**MATERIAL FOR THIS TASK:**
◇ ◇ ◇
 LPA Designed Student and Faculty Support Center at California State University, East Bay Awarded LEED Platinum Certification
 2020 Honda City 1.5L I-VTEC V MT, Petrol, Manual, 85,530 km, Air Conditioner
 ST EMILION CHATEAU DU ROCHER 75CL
◇ ◇ ◇
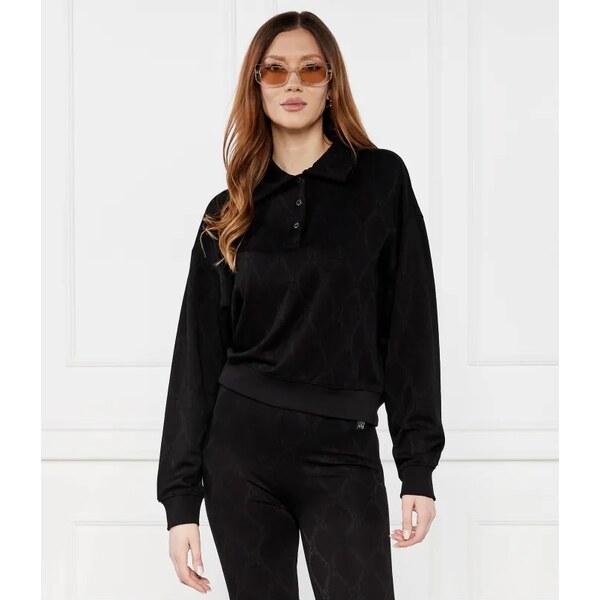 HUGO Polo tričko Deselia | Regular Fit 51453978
◇ ◇ ◇
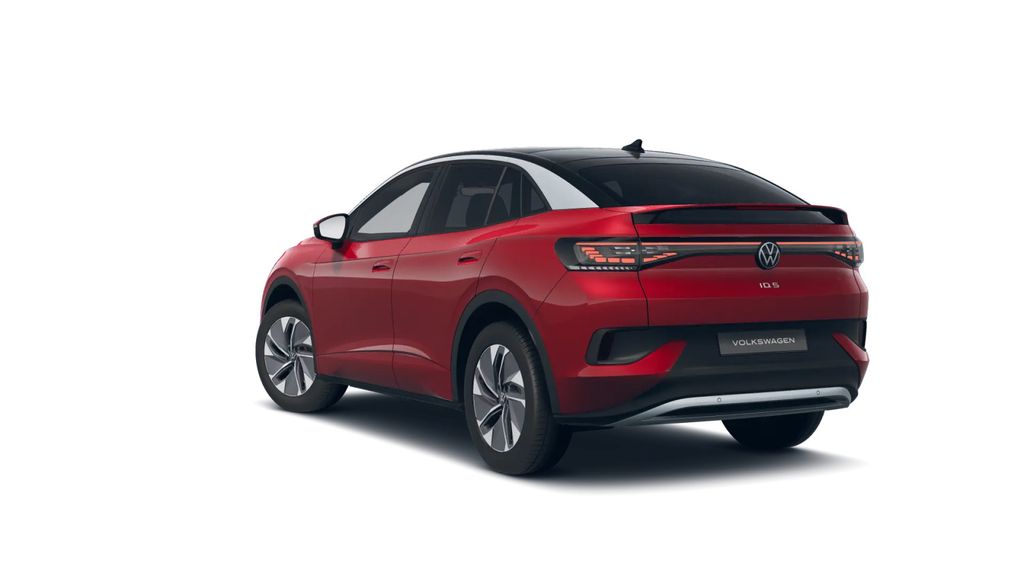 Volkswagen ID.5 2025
◇ ◇ ◇
**WHAT NEEDS TO BE DONE:** Go to the line in the material above that contains "LPA Designed Student" and copy exactly from there through the line that contains "ST EMILION CHATEAU DU ROCHER 75CL", stopping after it.

**EXERCISE RESULT:**
 LPA Designed Student and Faculty Support Center at California State University, East Bay Awarded LEED Platinum Certification
 2020 Honda City 1.5L I-VTEC V MT, Petrol, Manual, 85,530 km, Air Conditioner
 ST EMILION CHATEAU DU ROCHER 75CL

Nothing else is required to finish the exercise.